## Assignment
Any pictures in the records below must be left out when you repeat the lines from the line containing "Its location and" through the line containing "This is Psalm" exactly.

## Supplied information
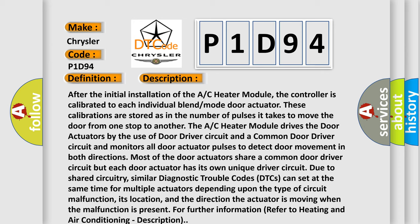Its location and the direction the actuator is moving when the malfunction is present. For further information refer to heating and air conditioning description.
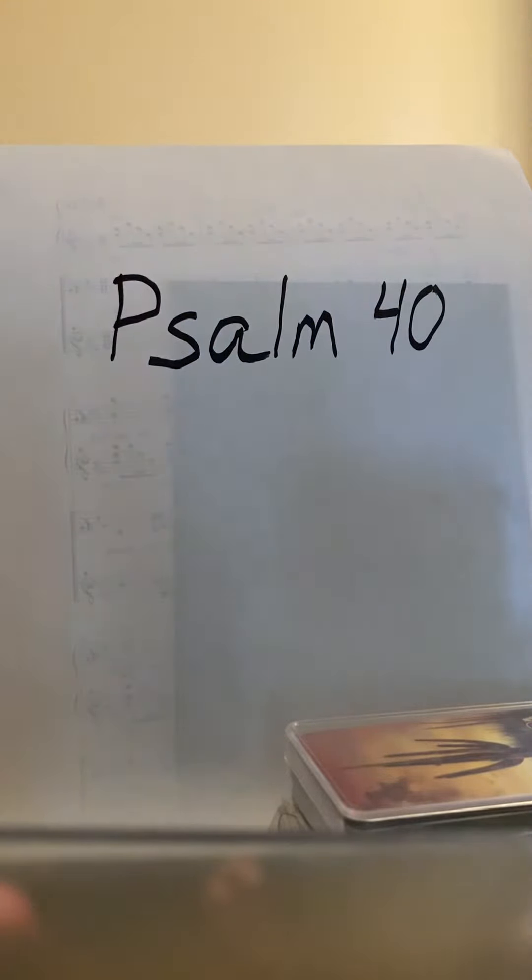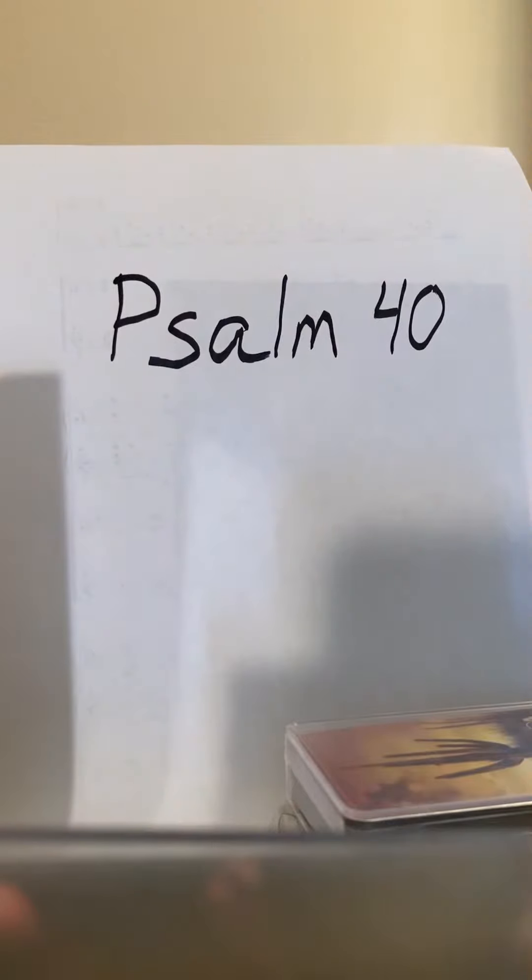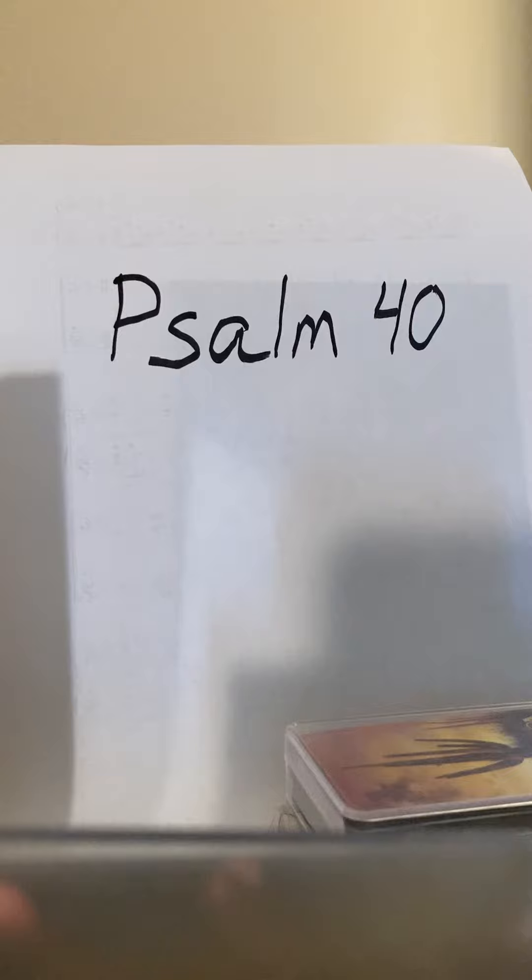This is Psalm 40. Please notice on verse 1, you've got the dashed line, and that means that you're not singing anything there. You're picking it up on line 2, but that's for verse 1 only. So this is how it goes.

* * *

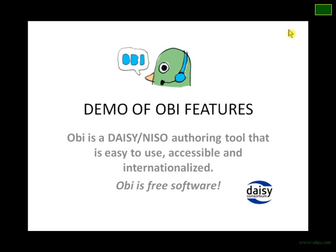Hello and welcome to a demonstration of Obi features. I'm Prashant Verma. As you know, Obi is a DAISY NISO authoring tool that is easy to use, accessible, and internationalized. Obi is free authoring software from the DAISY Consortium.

## Completed task
Its location and the direction the actuator is moving when the malfunction is present. For further information refer to heating and air conditioning description.
This is Psalm 40. Please notice on verse 1, you've got the dashed line, and that means that you're not singing anything there. You're picking it up on line 2, but that's for verse 1 only. So this is how it goes.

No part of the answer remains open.